In python 3.11 we can encode a string like:
string.encode('ascii', 'backslashreplace')
Which works neatly for say: hellö
=> hell\\xf6
However when I insert hellö w\\xf6rld
I get hell\\xf6 w\\xf6rld
(notice the second one has an literal part that looks like a character escape sequence)
Or in other words the following holds:
'hellö wörld'.encode('ascii', 'backslashreplace') == 'hellö w\\xf6rld'.encode('ascii', 'backslashreplace')
Which obviously means that data has been lost by the encoding.

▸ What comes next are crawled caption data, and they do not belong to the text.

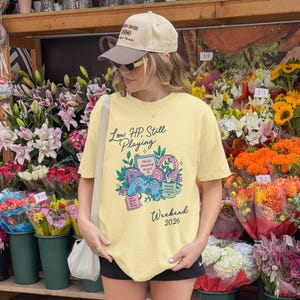 Puede incluir: Una camiseta amarillo claro con el texto "Low HP, Still Playing" y un gráfico de un mando de videojuegos, auriculares y una taza. La camiseta también tiene la palabra "Weekend" y el número "2026".
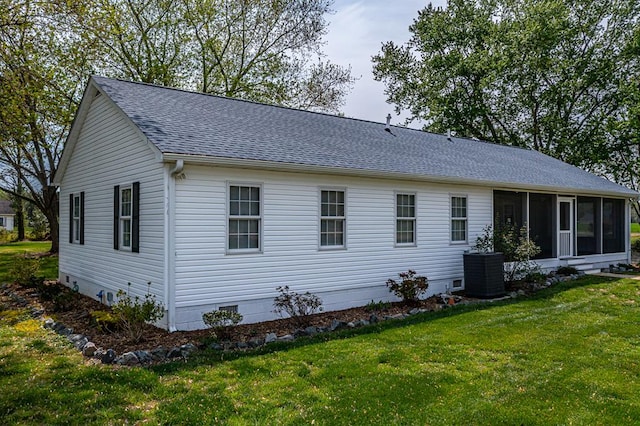 2920 Newmans Neck Rd, Heathsville, VA 22473 - rear view of house featuring a sunroom, central AC, roof with shingles, a lawn, and crawl space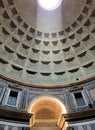 Sunlight beam coming through the dome oculus illuminating  the interior of the ancient temple Pantheon Royalty Free Stock Photo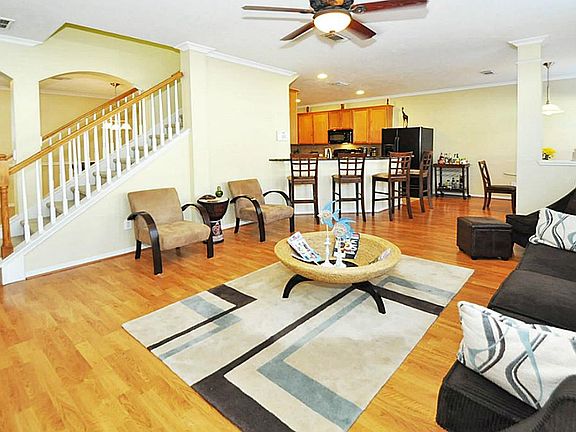 FAMILY ROOM, LOOKING TO THE  KITCHEN, BREAKFAST AREA, & FORMAL DINING.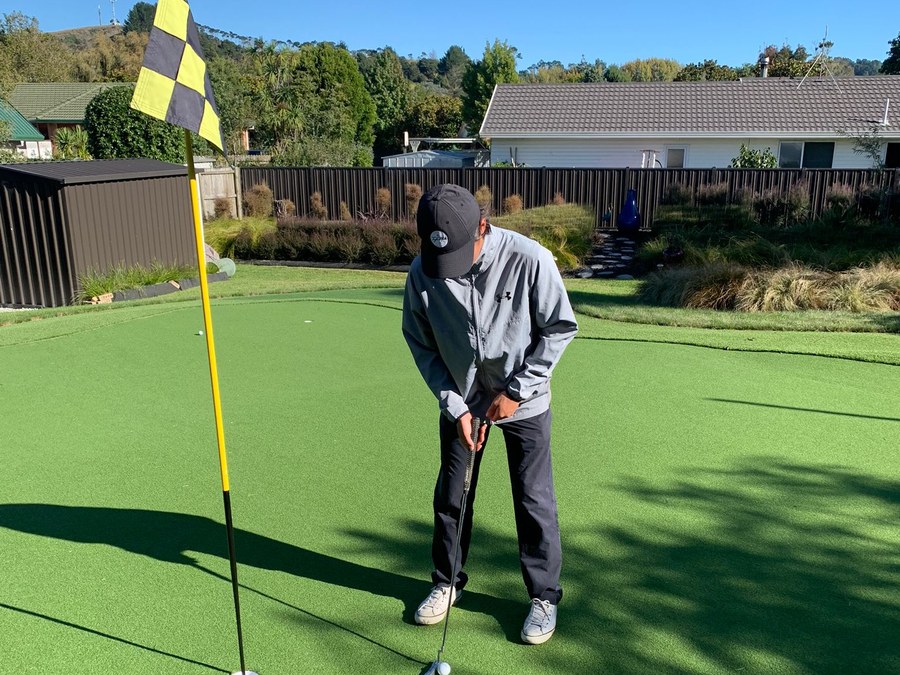 A golfer lining up a putt on a sunlit Kiwi practice green, mountains rising in the distance.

Is there a way to make python actually encode correctly? So also backslashes are escaped themselves? Or a library to do so?
Use the unicode_escape
codec and no error handler instead of the ascii
codec with error handler. You are getting errors with the data being non-ascii and the error handler is causing the loss. The result will be only ASCII characters but it will handle the backslashes:
>>> 'hellö wörld'.encode('unicode_escape') == 'hell\\xf6 w\\xf6rld'.encode('unicode_escape')
False
>>> 'hellö wörld'.encode('unicode_escape')
b'hell\\xf6 w\\xf6rld'
>>> 'hell\\xf6 w\\xf6rld'.encode('unicode_escape')
b'hell\\\\xf6 w\\\\xf6rld'
If you don't have an ASCII requirement, then just .encode()
(default UTF-8 in Python 3 which handles all Unicode). Then .decode()
to restore.